But it wasn’t always that way. The two “brothers” painstakingly built up their business after years of creative trial and error. We sat down with the founders, Coby Schultz and Barry Ament, to talk about starting out, creative partnerships, and why they’re still taking risks in business after 19 years. –
Where do you get inspiration?
Barry – The thing we try to do is keep some semblance of a sketchbook. It tends to be lots of little scraps of paper. Anytime something strikes me I try to take a picture of it or text myself a couple of words. It’s usually is on the drive home when inspiration strikes me. So I try to document it somehow to remind myself later. We also have a huge library at our office of magazines and books, so anytime we’re stuck we have a lot of resources to get inspired by.
Can you speak to what it’s like running the business side of things?
Barry – It has always gotten harder and harder to find time to do the creative part. Sometimes we just pull the plug on all the business aspects and block a few days and say, “Okay, we’re just going to try and be creative.” But it’s hard to switch sides of the brain in mid-day. We find it’s kind of the exciting part, so it’s usually something we look forward to.
Coby – The creative can kinda gives you energy if you don’t have too much of it to do. It can also revitalize you.
What prompted you to take a risk and start the clothing company arm of Ames Bros?
Coby – Probably the biggest reason we decided to start it, pursue it, and keep at it is because it is our own thing. There is nobody peering over your shoulder tell you to do this or that. It’s really about what you create and how it’s perceived by the buyer directly. But it’s just such a huge learning curve and process. We’ve never been here before. When we do a poster that really isn’t true. Getting a trade show booth together and hoping people come that gives me butterflies.
Barry – We wanted to diversify a little bit and felt that the design company could always work at a certain level and we had kinda maxed that out to a degree. So, we were just looking for other opportunities. Anytime you’re doing something for yourself there is a lot of freedom in that. It becomes that much more important and exciting. And I think at the end of day, Coby and I are both pretty independent people and not very employable (laughs).
Can you speak to the Ames Bros partnership?
Barry – We’re like an old married couple. We’re not wearing matching jumpsuits yet but we’re pretty darn close. I think we make each other laugh all day and probably have it out with each other about once a year and then we’re good for another year.
Coby – As individuals I think we’re capable of a lot, but as a unit together we’re capable of much, much more together. Strength in numbers for sure. Usually one person picks up where the other leaves off and we keep leap-frogging forward.
How do you pick clients?
Barry – We try and abide by a set of three rules: It has to be a good budget, a great project, or the people are really fun to work with. So we like to get two out of those three.
Coby – (laughing) But if we have to make rent, we’ll work for jerks (and have many times). It’s a fun job. I’ve had a lot of really crappy jobs, so I haven’t lost the appreciation. I couldn’t think of a better job. Each project comes with a new challenge and that in itself is exciting.

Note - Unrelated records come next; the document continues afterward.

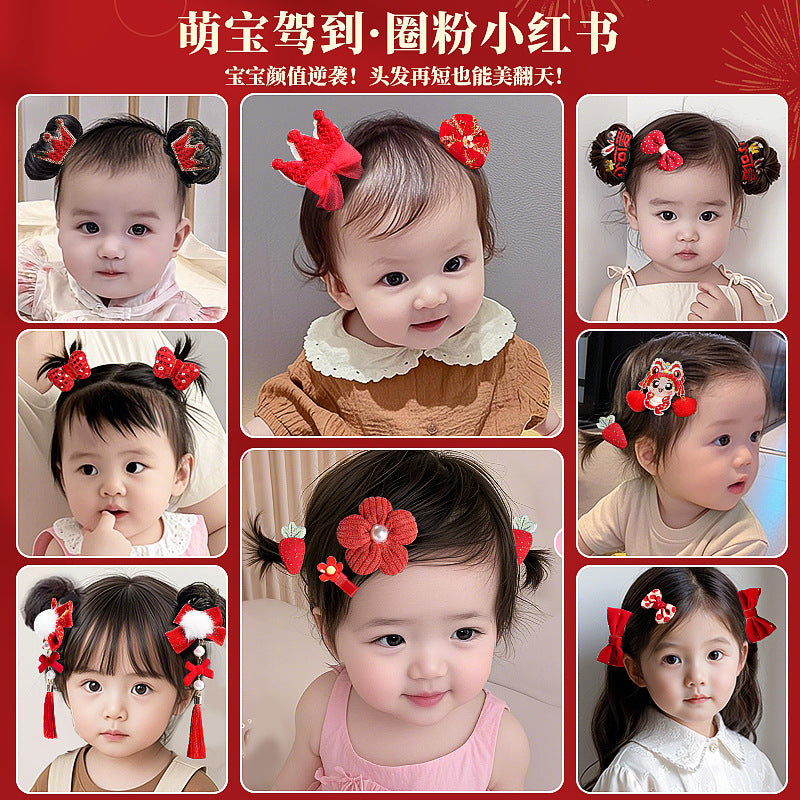 Festive hair accessory set - birthday gift for girls, kids' headwear with tassels, new year hair accessories, hair clips in gift box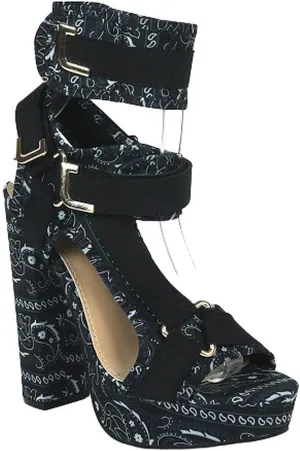 PAZZLE KEANDRA-07B Women's Chunky Platform Heels Open Toe Strappy Buckle High Heel Sandals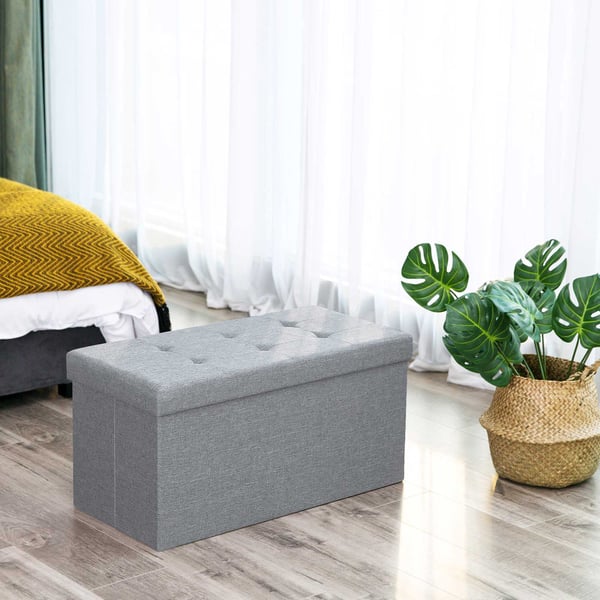 Ottoman opbevaringskiste Foldbar legetøjskasse Alsidig Pladsbesparende Lysegrå 76 x 38 x 38 cm Linnedstof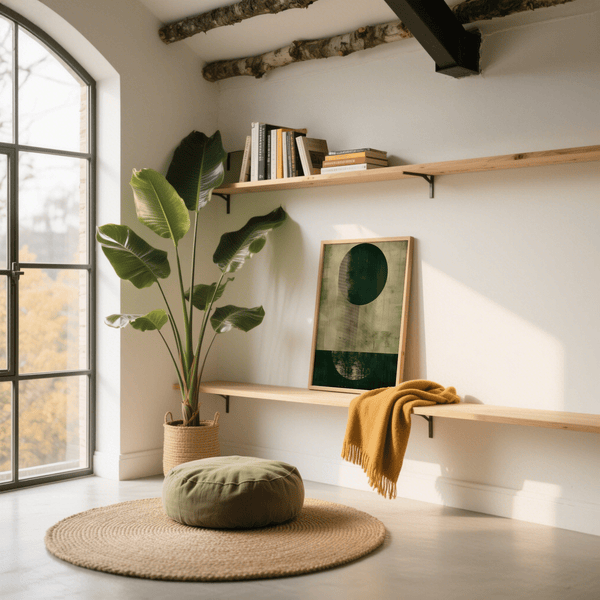 Contemporary wall art in green and beige, Modern Abstract Art Print style for entryway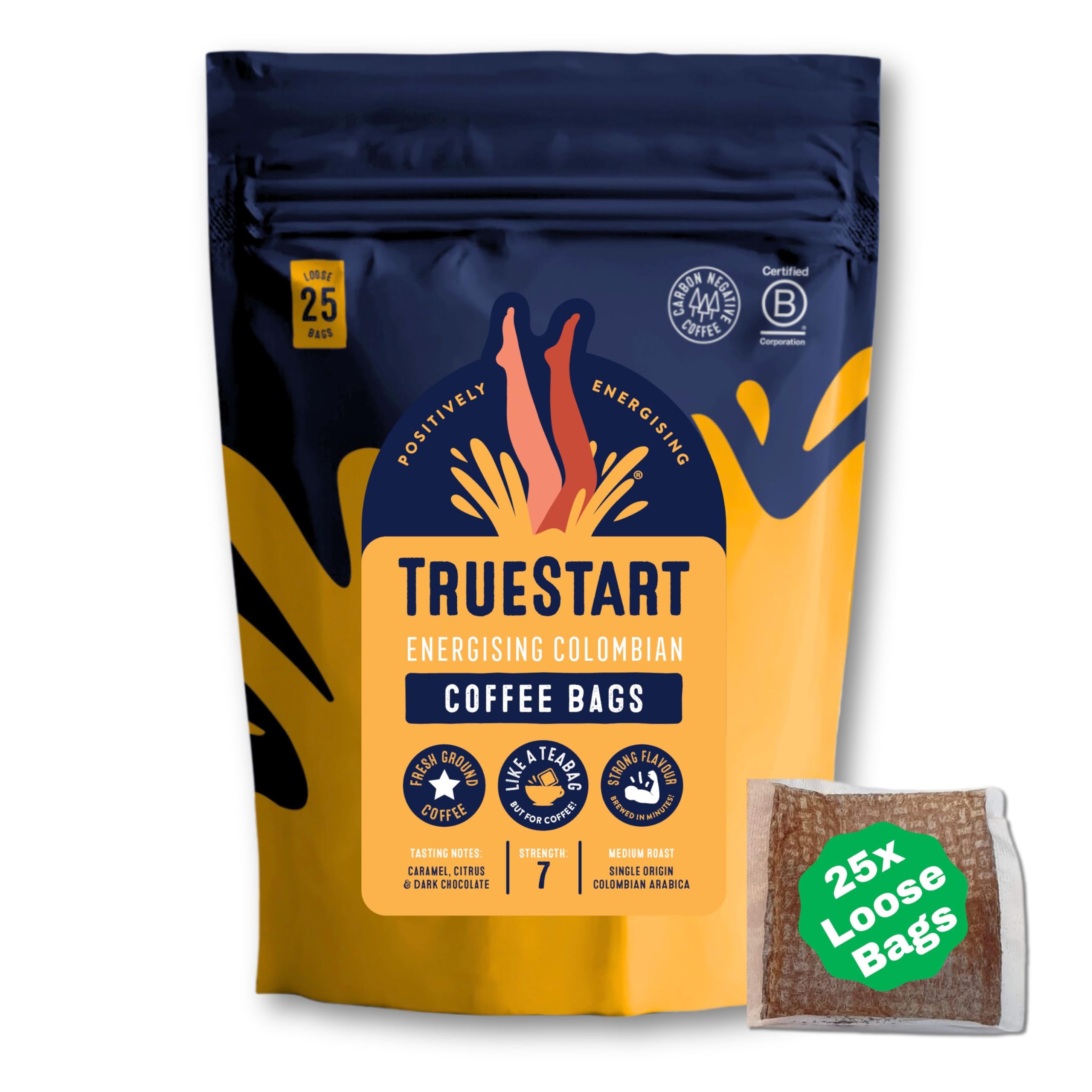 TrueStart Coffee Bags, Smooth Energising Colombian, 1 Pack, 25 Loose Bags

What do you say to young creatives just starting out?
Barry – I think there is a kind of a tradeoff if you want to do what we’ve done – you know working for rock bands and snowboard companies. The tradeoff being you’re not going to get paid for it (laughing). We always knew that and we’ve managed after years to find a balance. A lot of that work that we did and didn’t get paid for we were able to take it to ad agencies and get some higher paying jobs and bigger exposure. So, one hand kinda washed the other.
To build up a portfolio of exciting work usually comes at a cost. It took quite some time before we were earning a reasonable paycheck. We had friends that got jobs at places like Microsoft and they were making four times as much as us. We felt like idiots at the time that we chose the direction we did but in hindsight there were certain types of people and work we wanted to do at any cost.
And we have absolutely no regrets in doing it that way.
Coby – I’d add that you shouldn’t be afraid to work really hard. Don’t expect things to just come to you. I see younger and younger graduates that just expect to finish school and have a job waiting for them. But that’s very rare now. You really have to think and plan ahead.